No one will have been particularly surprised. 

But the question now being posed is: Having already sold AMP Life, if AMP were to now sell AMP Capital what would it have left? 

The answer is that it would have AMP Bank, its platforms and superannuation business and, of course, the financial planning business. 

But the problem for AMP is that notwithstanding its three-year transformation strategy it is the subject of a number of class actions, including one mounted by financial advisers over buyer of last resort (BOLR) arrangements and it is still yet to complete a major financial advice client remediation project. 

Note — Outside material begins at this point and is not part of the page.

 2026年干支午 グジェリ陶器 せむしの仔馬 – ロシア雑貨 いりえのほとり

The lesson that the AMP board can learn from the Commonwealth Bank is that if you want to exit your financial planning businesses then you need to be capable of underwriting multi-million dollar legal indemnities to cover the cost of the remediation you already know about and that which may yet come as a surprise. 

This much was made clear when the Commonwealth Bank provisioned for more remediation with respect to Count Financial which has been indemnified to the tune of $300 million. 

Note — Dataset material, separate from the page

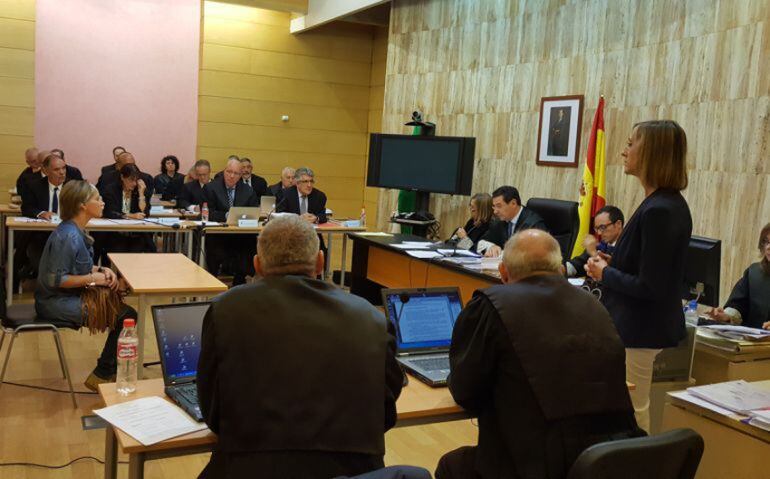 Primera sesión del juicio del llamado &quot;caso Alhambra&quot; en la Audiencia de Granada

According to AMP’s full-year results, its client remediation program is currently 80% complete and has thus far cost $405 million but any buyer who was looking under the bonnet of AMP Limited would have looked beyond the cost of remediation to the possible costs associated with defending and possibly losing class actions. 

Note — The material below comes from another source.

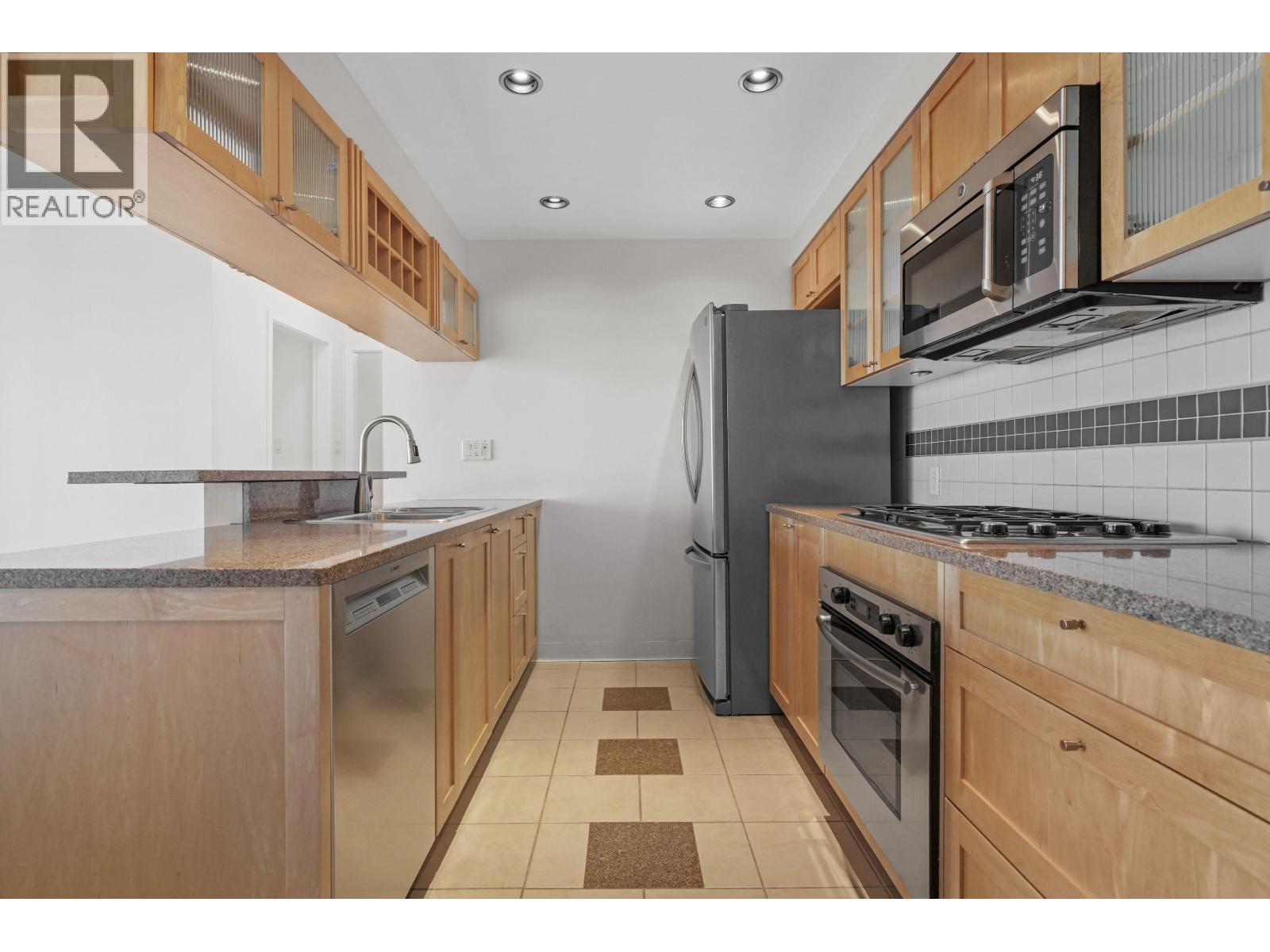 2503 1483 Homer Street, Vancouver, British Columbia  V6Z 3C7 - Photo 8 - R3077415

While AMP has asserted it believes it is on solid legal ground with respect to its handling of BOLR contracts, substantial costs would be generated if the court were to find against it because of the number of advisers who have complained about contracts which promised 4x and only delivered 1.5x. 

There appear to be few companies big enough or brave enough to take on the financial planning elements of AMP Limited and most sensible licensees know that it is safer and smarter to operate on the basis of doing very little other than welcoming AMP advice practices in the event that they come knocking at their doors. 

Which means that outside of AMP Capital, the remaining jewels in the somewhat battered AMP Limited crown are the platforms business – mainly North – and the superannuation business. 

The problem for the superannuation business is that, in the wake of the Royal Commission into Misconduct in the Banking, Superannuation and Financial Services Industry, it has been losing a succession of corporate superannuation mandates such as Anglican Super.  

According to the AMP balance sheet, there were outflows of $1.8 billion through the loss of corporate superannuation mandates, and this was on top of the $1.8 billion AMP superannuation funds lost as a result of the Government hardship early release superannuation regime. 

That means the shiniest remaining jewels are undoubtedly AMP Bank which posted a relatively minor profit decline in the circumstances of COVID-19 and the North platform which continued to grow assets under management (AUM) but saw minor declines in cashflows and profit. 

In all the circumstances, can the AMP Board afford to lose any more jewels from its corporate crown or would it be better served trying to finish the repair work?